No matter what the degree, going back to school as an adult isn’t always easy. A full-time job, family time and finding time for all the amazing things that make your life special can be difficult to balance with homework, papers and reading assignments. But earning your degree is worth it.
It certainly has been for recent grad and current MBA student, Robert Catalano. He says that finishing his bachelor’s degree encouraged him to become a lifelong learner, ignited a passion for teaching and service and will help him build a resume so he can someday launch a nonprofit.
Recently, we talked with Catalano about his experience (read more) and what he’d say to adult students just starting their educational journey. Check out his advice!
1. Time management is key.
“Time management becomes really important,” Catalano says. “Make sure you create time to give to not only your school work but the program itself.” For Catalano, actively working to schedule time for studying and doing homework—often a little more than might seem necessary—in addition to class time was vital to his success. “I wanted to commit to my classmates,” he says. “I didn’t want to go through the program in a blur and not know anyone, not do anything, just do my schoolwork and leave.”
2. Embrace the team aspect.
At Trevecca, programs are taught using the cohort model, meaning groups of students progress through the entire program together, start to finish, one class at a time. For Catalano, that was a plus. As he put it, students should “commit” to their classmates. “So much of the program was community-based and I loved that,” he said. “We committed to bringing dinner every week as a class and sharing that meal. It wasn’t just you versus school; it was you and your team going through the program together. When it came time for group projects or homework or even life, we were able to tackle them as a team rather than going through those alone.”
3. Build your support system.
In addition to his classmates, Catalano says his wife, his teachers and his employer were all key supporters as he worked toward completing his undergraduate degree and even now as he begins his master’s program. “[My wife] was an incredible support through this process,” he said. “If I had a paper to write or a project, she understood that came first. She came alongside and understood that there were times when I had to hit the books or write a paper.” Catalano’s employer was also supportive as were his teachers. “The teachers became part of the team,” he said. “Every time you’d go into a new class, you’d have a teacher who would become a part of the team that was supporting you.”
4. Do the work.
“Getting your undergraduate degree is in some ways about you proving to yourself that you can focus and do the work and focus,” Catalano says. “It might not be about getting A+ on everything.” That doesn’t mean that every concept will come easily or you’ll be naturally good at everything you do, he cautions, but each assignment will be an opportunity to learn and grow. “I’m not the best writer, but as I continued to just do the work and turn in papers, I turned in what I thought was great writing,” he says.

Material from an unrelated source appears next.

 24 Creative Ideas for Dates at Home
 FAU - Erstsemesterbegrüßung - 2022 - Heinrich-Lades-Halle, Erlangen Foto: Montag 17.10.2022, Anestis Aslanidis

5. Keep the end goal in mind.
“I never thought I would graduate college, let alone go on to finish my master’s degree,” Catalano says. “Push into the idea that you’ll never stop learning.” While Catalano has embraced the idea of becoming a lifelong learner, he also knew that finishing his undergraduate degree would make a pay raise more likely and bring him closer to making his dream of teaching degree-completion students a reality. Finishing his degree and earning his master’s are also vital components in Catalano’s ultimate goal of running a nonprofit. Knowing why you’re pursuing the degree is important when it all seems a little overwhelming, Catalano says.